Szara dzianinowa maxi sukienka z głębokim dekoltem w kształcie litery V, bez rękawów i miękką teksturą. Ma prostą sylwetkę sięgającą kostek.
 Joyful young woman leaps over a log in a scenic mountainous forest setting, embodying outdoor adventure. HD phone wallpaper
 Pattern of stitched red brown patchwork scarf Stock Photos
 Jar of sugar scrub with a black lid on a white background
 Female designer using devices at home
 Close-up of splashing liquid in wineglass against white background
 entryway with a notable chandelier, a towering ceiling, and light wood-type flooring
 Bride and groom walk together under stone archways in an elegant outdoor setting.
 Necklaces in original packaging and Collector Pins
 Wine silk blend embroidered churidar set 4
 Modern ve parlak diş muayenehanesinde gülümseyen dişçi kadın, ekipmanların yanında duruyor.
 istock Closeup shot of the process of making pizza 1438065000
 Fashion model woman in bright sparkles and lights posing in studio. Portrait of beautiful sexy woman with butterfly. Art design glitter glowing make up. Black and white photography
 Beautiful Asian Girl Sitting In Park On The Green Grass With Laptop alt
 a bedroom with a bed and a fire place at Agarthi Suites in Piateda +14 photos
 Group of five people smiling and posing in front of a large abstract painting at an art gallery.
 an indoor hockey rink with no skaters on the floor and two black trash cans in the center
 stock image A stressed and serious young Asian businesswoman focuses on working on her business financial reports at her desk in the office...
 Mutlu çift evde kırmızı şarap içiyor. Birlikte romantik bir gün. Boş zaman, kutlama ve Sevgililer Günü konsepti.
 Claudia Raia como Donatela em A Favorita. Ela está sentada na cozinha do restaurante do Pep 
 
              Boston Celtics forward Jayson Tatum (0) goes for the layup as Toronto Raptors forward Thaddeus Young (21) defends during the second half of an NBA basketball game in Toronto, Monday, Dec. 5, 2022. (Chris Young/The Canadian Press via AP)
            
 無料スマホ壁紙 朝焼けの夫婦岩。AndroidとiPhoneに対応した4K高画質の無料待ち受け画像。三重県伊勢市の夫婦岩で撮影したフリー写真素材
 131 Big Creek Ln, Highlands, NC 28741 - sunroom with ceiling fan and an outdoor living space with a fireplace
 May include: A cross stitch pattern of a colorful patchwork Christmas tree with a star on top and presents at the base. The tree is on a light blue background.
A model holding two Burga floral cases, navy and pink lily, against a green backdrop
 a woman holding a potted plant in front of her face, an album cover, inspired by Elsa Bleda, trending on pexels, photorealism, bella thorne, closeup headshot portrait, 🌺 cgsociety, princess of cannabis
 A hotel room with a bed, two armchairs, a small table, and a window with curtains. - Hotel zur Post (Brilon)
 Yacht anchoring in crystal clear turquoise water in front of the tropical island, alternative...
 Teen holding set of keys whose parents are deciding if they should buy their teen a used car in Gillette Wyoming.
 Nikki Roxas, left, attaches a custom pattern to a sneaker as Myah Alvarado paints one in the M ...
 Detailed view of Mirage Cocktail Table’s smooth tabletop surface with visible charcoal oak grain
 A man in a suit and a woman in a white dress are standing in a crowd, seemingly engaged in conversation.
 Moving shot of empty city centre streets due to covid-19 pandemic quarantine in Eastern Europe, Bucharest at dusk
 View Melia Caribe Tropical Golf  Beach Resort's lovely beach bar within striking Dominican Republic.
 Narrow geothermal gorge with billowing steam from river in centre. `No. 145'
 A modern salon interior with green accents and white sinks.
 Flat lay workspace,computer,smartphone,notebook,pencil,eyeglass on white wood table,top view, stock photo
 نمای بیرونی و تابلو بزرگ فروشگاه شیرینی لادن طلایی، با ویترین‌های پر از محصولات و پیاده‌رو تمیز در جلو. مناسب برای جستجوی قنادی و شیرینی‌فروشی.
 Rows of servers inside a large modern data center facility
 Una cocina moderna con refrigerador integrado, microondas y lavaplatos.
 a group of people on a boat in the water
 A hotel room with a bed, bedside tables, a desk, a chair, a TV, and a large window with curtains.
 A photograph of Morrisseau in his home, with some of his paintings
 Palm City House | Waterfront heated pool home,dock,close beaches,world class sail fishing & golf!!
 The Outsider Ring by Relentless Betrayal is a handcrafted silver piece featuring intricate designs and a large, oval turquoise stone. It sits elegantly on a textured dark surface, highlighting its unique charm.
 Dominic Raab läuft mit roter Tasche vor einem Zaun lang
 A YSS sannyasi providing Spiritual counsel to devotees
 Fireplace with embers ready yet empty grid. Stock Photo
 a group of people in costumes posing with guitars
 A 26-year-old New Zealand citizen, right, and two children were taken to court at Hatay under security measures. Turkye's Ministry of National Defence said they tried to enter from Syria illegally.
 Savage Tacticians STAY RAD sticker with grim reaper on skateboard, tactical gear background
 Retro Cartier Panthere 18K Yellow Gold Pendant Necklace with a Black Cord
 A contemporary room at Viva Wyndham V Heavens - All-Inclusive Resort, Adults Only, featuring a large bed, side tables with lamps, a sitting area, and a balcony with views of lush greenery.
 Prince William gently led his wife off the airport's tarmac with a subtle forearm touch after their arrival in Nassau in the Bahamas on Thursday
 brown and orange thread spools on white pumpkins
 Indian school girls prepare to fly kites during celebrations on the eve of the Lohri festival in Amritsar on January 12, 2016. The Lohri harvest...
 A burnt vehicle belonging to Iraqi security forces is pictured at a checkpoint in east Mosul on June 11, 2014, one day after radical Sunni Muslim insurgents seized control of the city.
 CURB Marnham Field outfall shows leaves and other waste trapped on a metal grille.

_Exercise instructions:_ Your response must be one number, namely how many lines of the data contain the string "hotel".

_Reply:_ 2